Later that night, after protesters did not storm a barricade in front of the Berkeley Police Department, a black man told a bank of cameras, “We were defeated tonight. We need to unite as a people. If you want a peaceful protest, text it from your house or tweet it. But we are here to make a difference. We are here to fight for our constitutional rights, not for white or for black, but our constitutional right as a people.”

In short, the protesters are not “domestic terrorists” as Homeland Security has hyped the police departments to believe, but rather citizens fighting for their rights. This is America? No, was America before 9/11 changed everything and we became a national security state and ordinary citizens whose rights have been violated and those who support them have become instead “domestic terrorists.”

So yes, these protests nationwide are not only against the immediate cases of Eric Garner and Michael Brown, about what amounts to the murders of black people, most especially young black males, they are about an oppressive system that sees its own citizens who demand their rights and the rights of others using the American tradition of protest (Oh, there was a Revolutionary War against the oppression of the crown? A Boston Tea Party?) to call attention to a system that instead categorizes them as “domestic terrorists.” It’s so George Orwell’s 1984 it beggars belief, but there it is.
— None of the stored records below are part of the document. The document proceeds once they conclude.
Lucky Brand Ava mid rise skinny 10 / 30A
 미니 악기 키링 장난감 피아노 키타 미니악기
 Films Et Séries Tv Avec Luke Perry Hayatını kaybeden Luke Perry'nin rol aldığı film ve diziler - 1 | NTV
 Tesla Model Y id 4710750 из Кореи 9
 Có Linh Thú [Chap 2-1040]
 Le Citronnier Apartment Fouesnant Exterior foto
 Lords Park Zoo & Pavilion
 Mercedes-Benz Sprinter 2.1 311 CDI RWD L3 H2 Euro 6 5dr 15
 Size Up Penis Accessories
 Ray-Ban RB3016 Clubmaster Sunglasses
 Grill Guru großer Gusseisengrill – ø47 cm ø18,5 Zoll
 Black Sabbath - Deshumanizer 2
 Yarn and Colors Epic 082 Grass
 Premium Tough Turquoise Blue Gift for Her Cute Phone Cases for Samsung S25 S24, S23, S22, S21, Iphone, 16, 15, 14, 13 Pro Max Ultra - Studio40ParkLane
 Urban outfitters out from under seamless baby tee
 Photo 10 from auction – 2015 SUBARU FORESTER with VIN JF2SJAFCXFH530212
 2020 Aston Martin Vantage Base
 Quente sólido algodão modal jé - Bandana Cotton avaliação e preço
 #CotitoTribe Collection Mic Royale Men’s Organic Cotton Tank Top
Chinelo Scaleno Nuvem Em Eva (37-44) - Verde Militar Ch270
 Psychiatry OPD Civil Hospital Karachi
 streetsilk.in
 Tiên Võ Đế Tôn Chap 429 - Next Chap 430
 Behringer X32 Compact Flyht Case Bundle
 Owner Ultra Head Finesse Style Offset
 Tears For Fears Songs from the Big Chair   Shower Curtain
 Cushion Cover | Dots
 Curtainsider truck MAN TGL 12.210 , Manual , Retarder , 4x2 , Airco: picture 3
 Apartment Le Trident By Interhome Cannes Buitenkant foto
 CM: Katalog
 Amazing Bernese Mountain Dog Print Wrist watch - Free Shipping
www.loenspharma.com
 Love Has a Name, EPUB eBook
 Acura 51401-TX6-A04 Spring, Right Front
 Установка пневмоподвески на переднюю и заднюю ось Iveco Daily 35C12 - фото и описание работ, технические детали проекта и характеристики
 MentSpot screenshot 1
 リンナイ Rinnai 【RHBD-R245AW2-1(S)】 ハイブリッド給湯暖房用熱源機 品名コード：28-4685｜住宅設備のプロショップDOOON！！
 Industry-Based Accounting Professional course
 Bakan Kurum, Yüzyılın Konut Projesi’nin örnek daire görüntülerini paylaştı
Personally, my resistance has always been in the form of nonviolent protest. I do not advocate violence or property damage. But I do understand the rage and the fear, and people of color have a lot more to fear than I do, as I am protected by my whiteness.

The militarization of the police is not just the military weapons they have received: it is the attitude that pegs citizens as “domestic terrorists” because they protest for their rights. For many this revelation is new. For those of us who were involved in the protests at the Republication National Convention in St. Paul a few years ago, charges that include terrorism are not a new phenomenon.

Unfortunately, the police, and above them Homeland Security and the national security complex, are inviting violent revolution by their own use of violence: The reaction nationwide to the two grand jury decisions not to indict the two policemen who murdered unarmed citizens who were not attacking them is proof.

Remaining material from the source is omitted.